▶ Records for the task
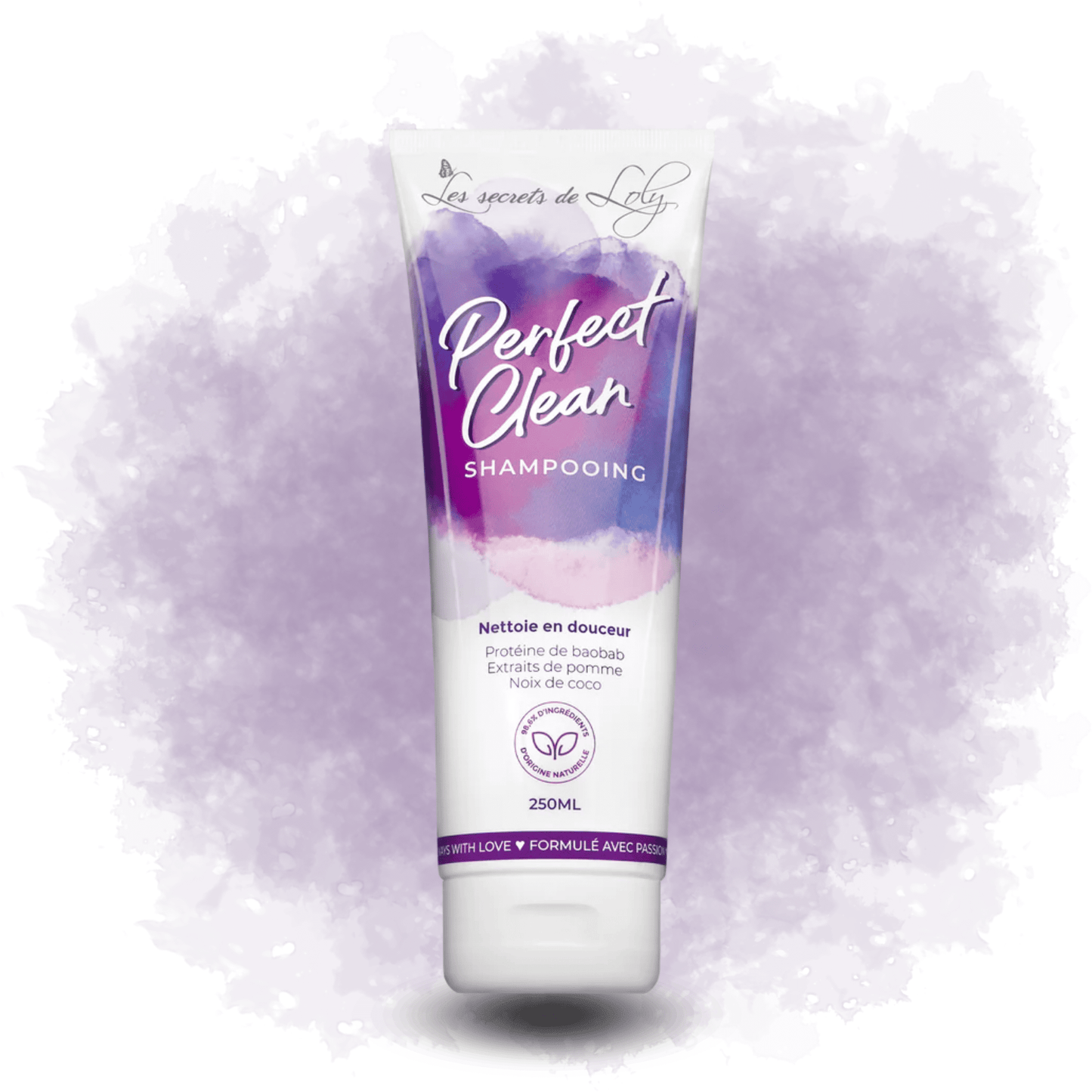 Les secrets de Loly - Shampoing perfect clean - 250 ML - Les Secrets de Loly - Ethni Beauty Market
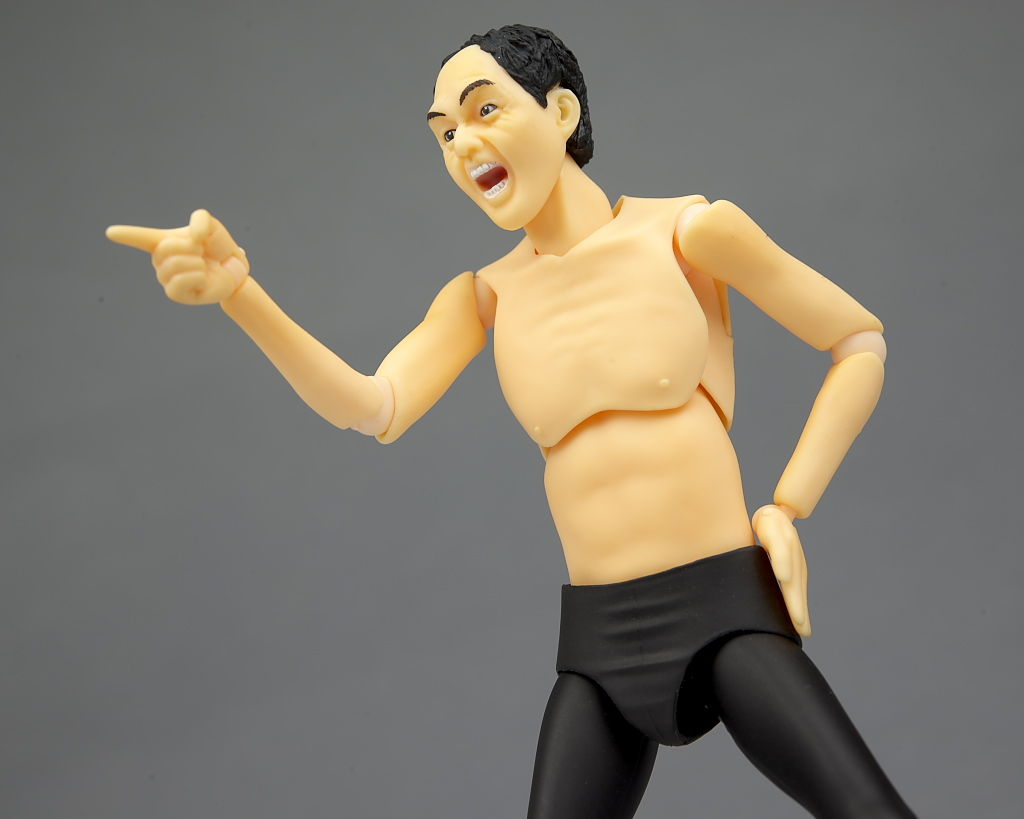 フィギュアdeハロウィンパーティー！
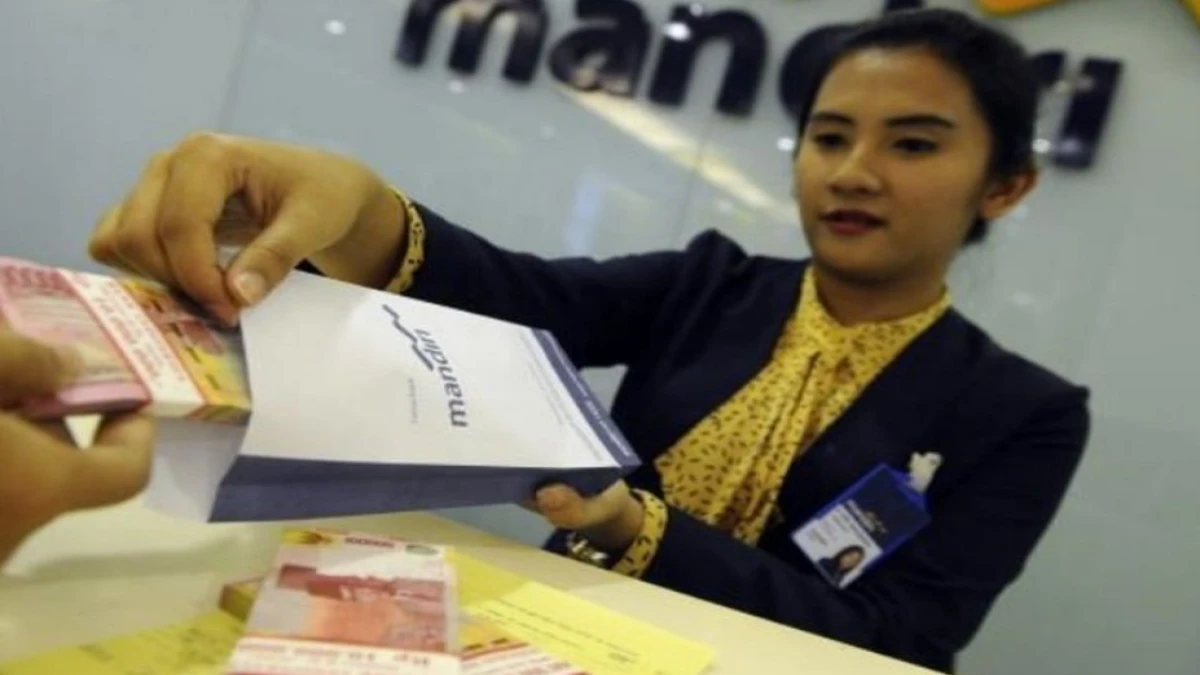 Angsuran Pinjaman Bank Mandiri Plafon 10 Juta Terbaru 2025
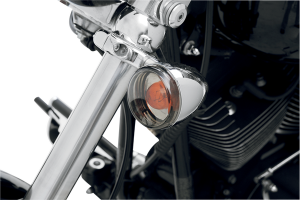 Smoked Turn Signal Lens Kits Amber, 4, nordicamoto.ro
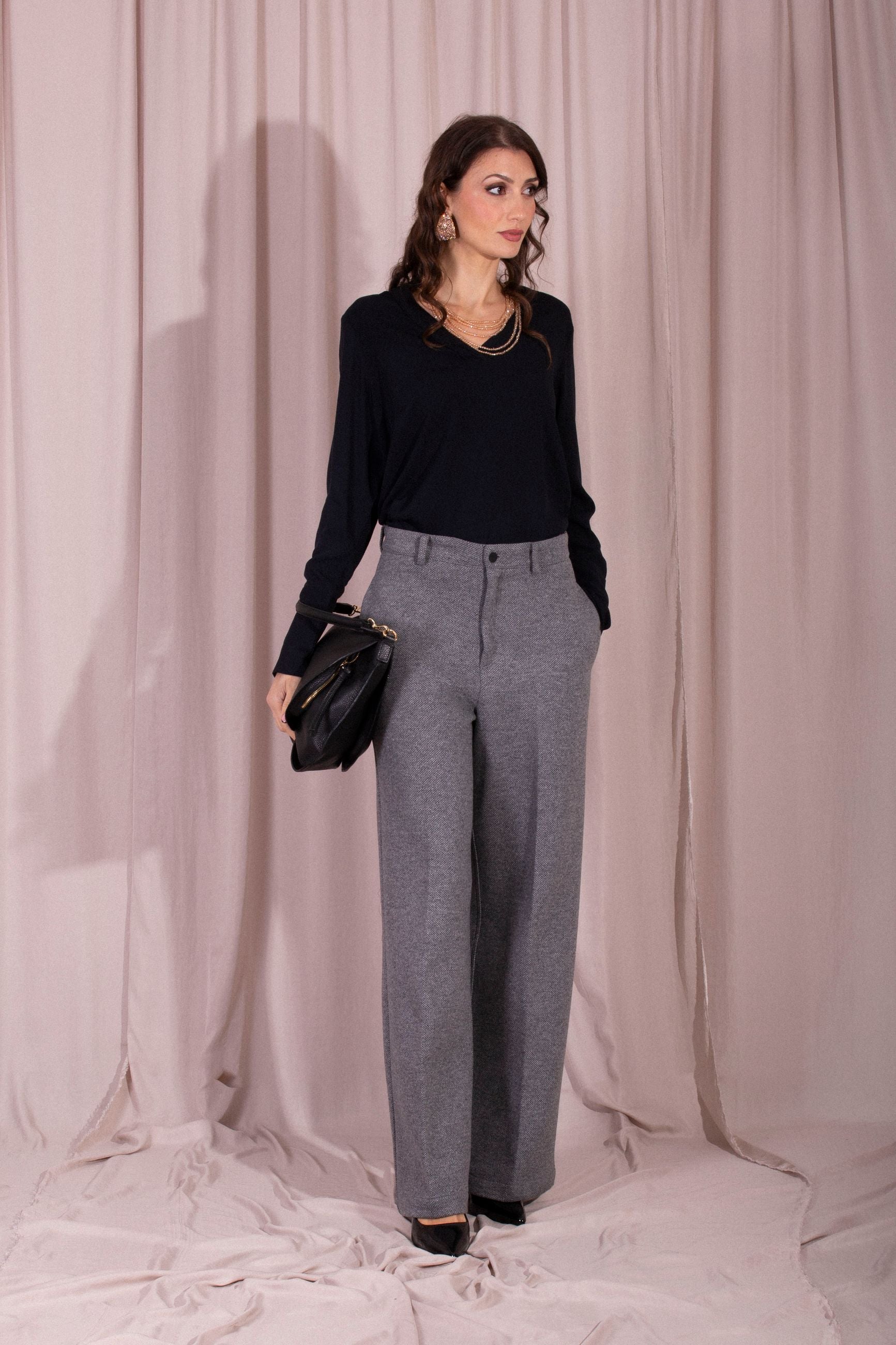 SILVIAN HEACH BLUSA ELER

* * *

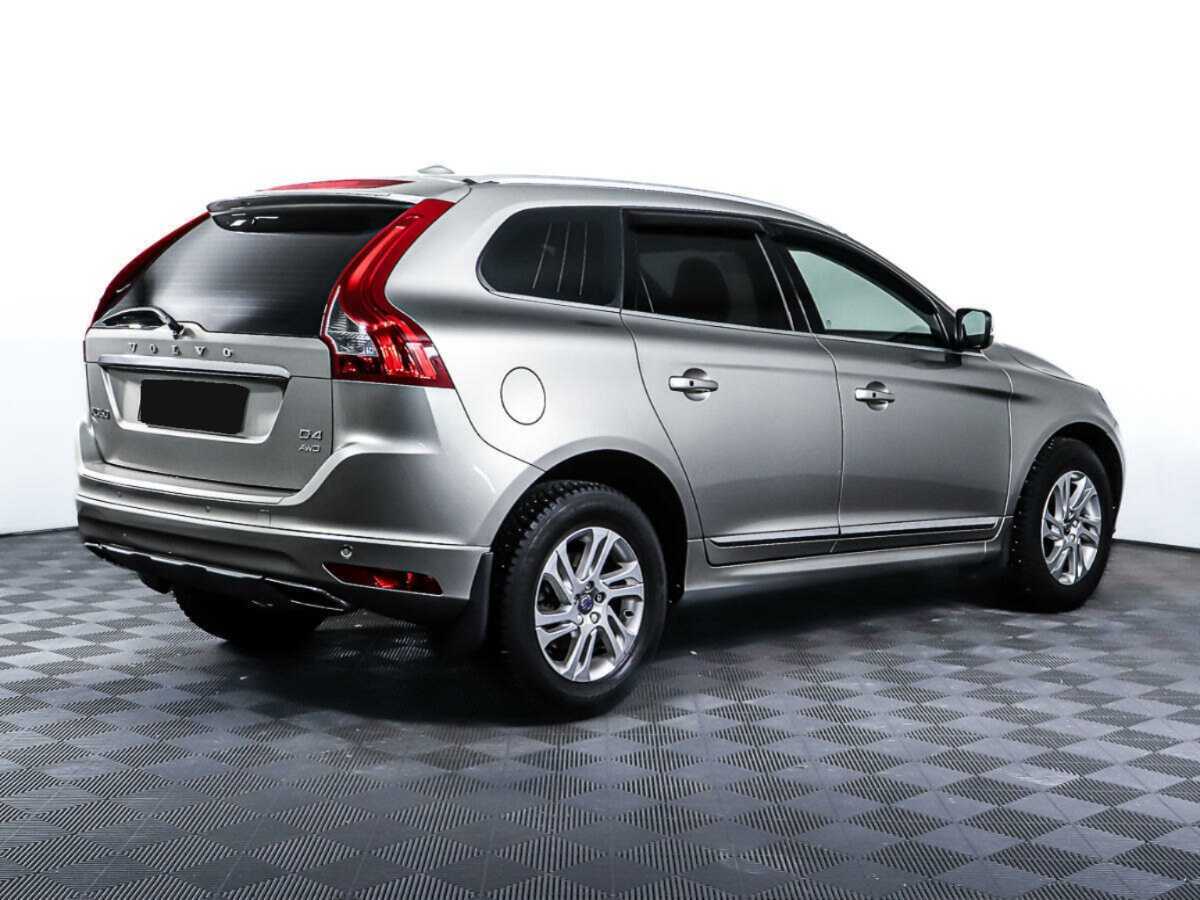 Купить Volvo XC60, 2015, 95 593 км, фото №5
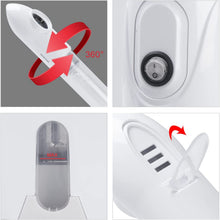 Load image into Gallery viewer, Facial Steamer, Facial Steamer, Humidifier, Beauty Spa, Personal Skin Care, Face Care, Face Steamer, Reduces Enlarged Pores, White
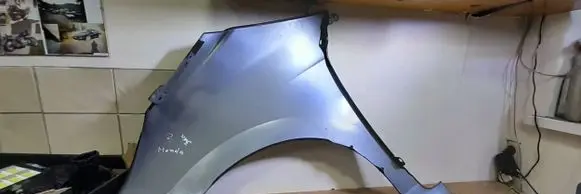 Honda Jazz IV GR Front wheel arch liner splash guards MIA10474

▶ Exercise aim
Look through the material above. Transcribe exactly the lines between the ones with "Les secrets de Loly - Shampoing" and "SILVIAN HEACH BLUSA ELER", inclusive, and keep pictures out.

▶ Task output
 Les secrets de Loly - Shampoing perfect clean - 250 ML - Les Secrets de Loly - Ethni Beauty Market
 フィギュアdeハロウィンパーティー！
 Angsuran Pinjaman Bank Mandiri Plafon 10 Juta Terbaru 2025
 Smoked Turn Signal Lens Kits Amber, 4, nordicamoto.ro
 SILVIAN HEACH BLUSA ELER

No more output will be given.